Evaluate the definite integral and it exists

[afcwestwarrior]

a=0, b= pie/3 sin theta/ cos^2 theta

i let u= cos theta
du/dx= -sin theta
-du = sin theta

sin theta/u^2 theta

then i anti differentiated it

-cos theta/ (1/3)(cos)^3 theta
this is where i got stuck

 

[afcwestwarrior]

i know how to do this problem but need help with the antidifferentiation

 

[Hurkyl]

a=0, b= pie/3 sin theta/ cos^2 theta

Did you mean
\int_{0}^{\pi / 3} \frac{ \sin \theta }{\cos^2 \theta}
? If so, that makes no sense: there is a very important part of this notation that has been omitted.

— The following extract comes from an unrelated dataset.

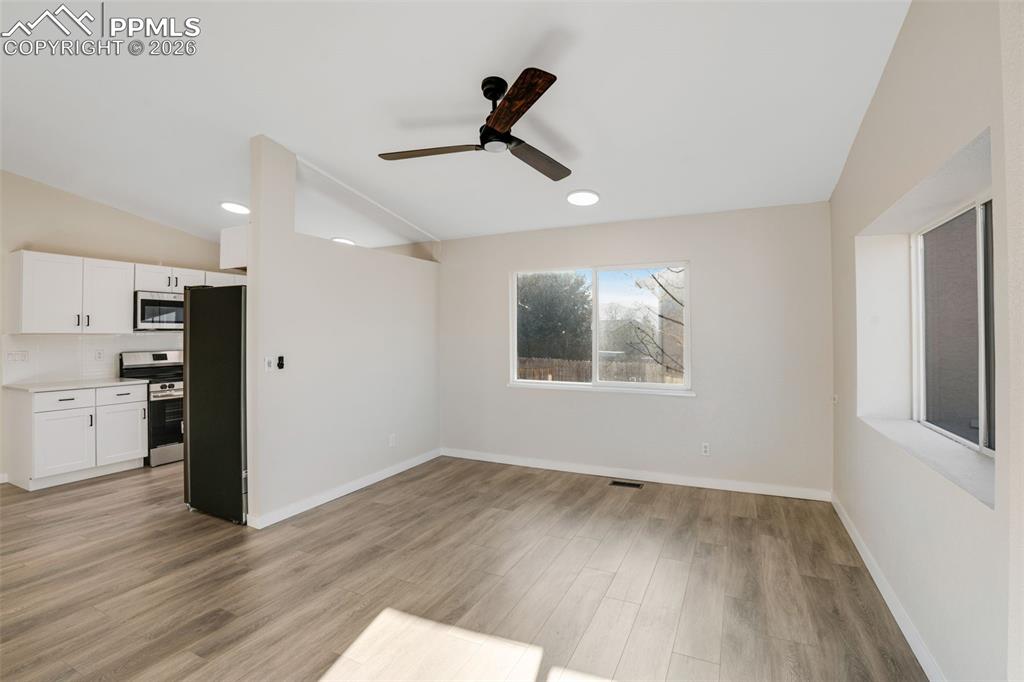 Image 4 of 35: Living Room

It looks like you were doing a substitution -- is there any particular reason why you didn't convert the expression entirely into a function of u?

 

[afcwestwarrior]

yes that is what i meant, the reason is because sin and cos confuse me

 

[2ltben]

I think I had this same problem not too long ago. sin(u)/cos(u) is a trig property that equals tan(u), and 1/cos(u) is the definition of sec(u). Therefore, the problem condenses to tan(u)sec(u)du, which you should recognize if you're on up to integration in your studies.